To end homelessness in the future, we must begin with the children today.

It is a startling fact. At any given time, approximately 1% of children in Alberta will be involved with foster care.

44% of adults experiencing homelessness report having had experience with foster care.

According to a 2009 report by the BC Representative for children and youth, youth in care are 17 times more likely to be hospitalized for mental health issues than the general public. By 21 years of age, 41 percent of children and youth in care will have contact with the criminal justice system, compared to only 6.6 percent of the general population in the same age group.

Put another way, involvement in the foster care system nurtures homelessness, mental health issues, criminal justice interactions and other risky behaviours in children just as we nurture resiliency, self-sufficiency, self-confidence in our children.

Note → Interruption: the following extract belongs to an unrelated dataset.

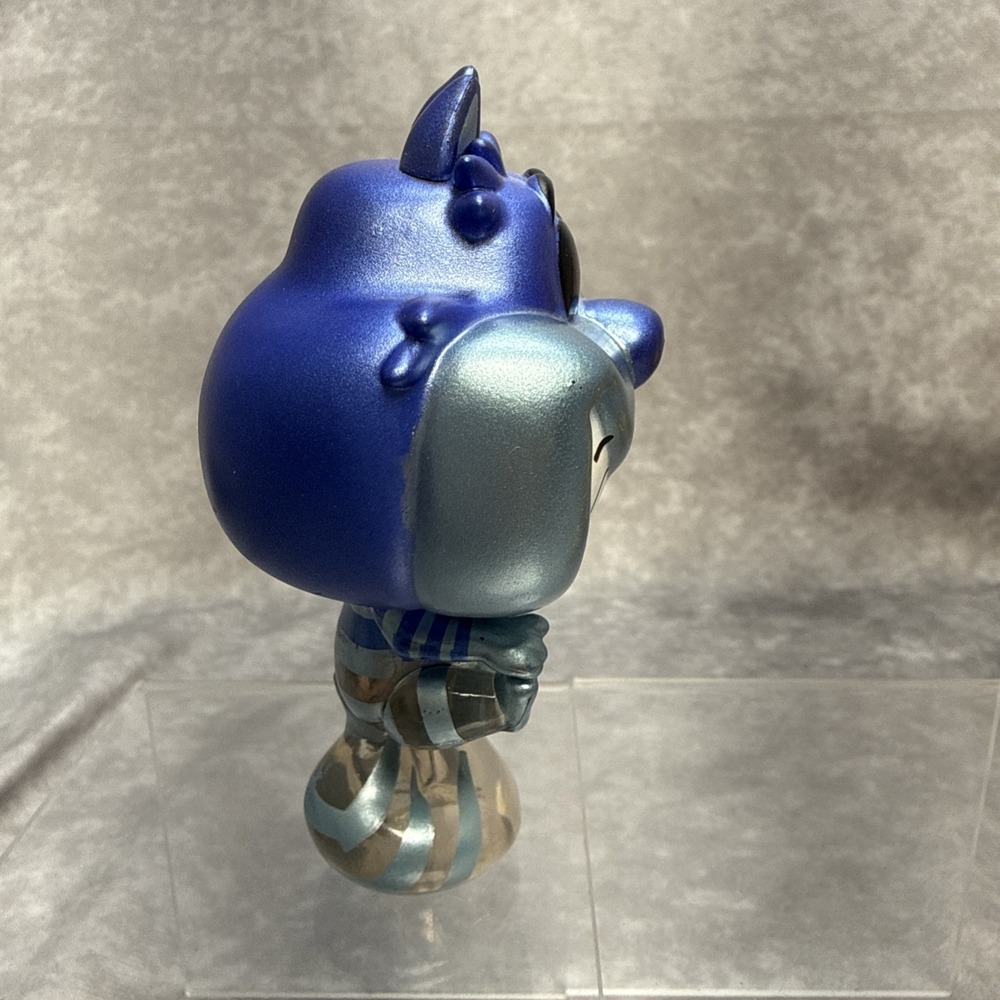 Funko Pop Alice in Wonderland Alice Curtsying Metallic Cheshire Cat March Hare - Picture 8 of 16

To be fair to the people providing foster care, it is not ‘them’ creating the issue. Many wonderful, well-meaning and competent caring people foster children in their homes.

It is more systemic. More foundational. We believe foster care works.

In that belief we overlook the impact lack of permanency has on the child. As reported in the Canadian Medical Association Journal, “Children who have a government as their parent, no matter how well-intentioned or necessary that arrangement is, are often damaged by it… They are damaged because multiple moves to living arrangements with multiple caregivers – no matter how loving the foster parents – do not promote stability, security and attachment, the building blocks every child and youth needs to succeed.”  (Trupin EW, Tarico VS, Low BP, et al. Children on child protective service case-loads: prevalence and nature of serious emotional disturbance. Child Abuse Negl 1993;17-345-55.)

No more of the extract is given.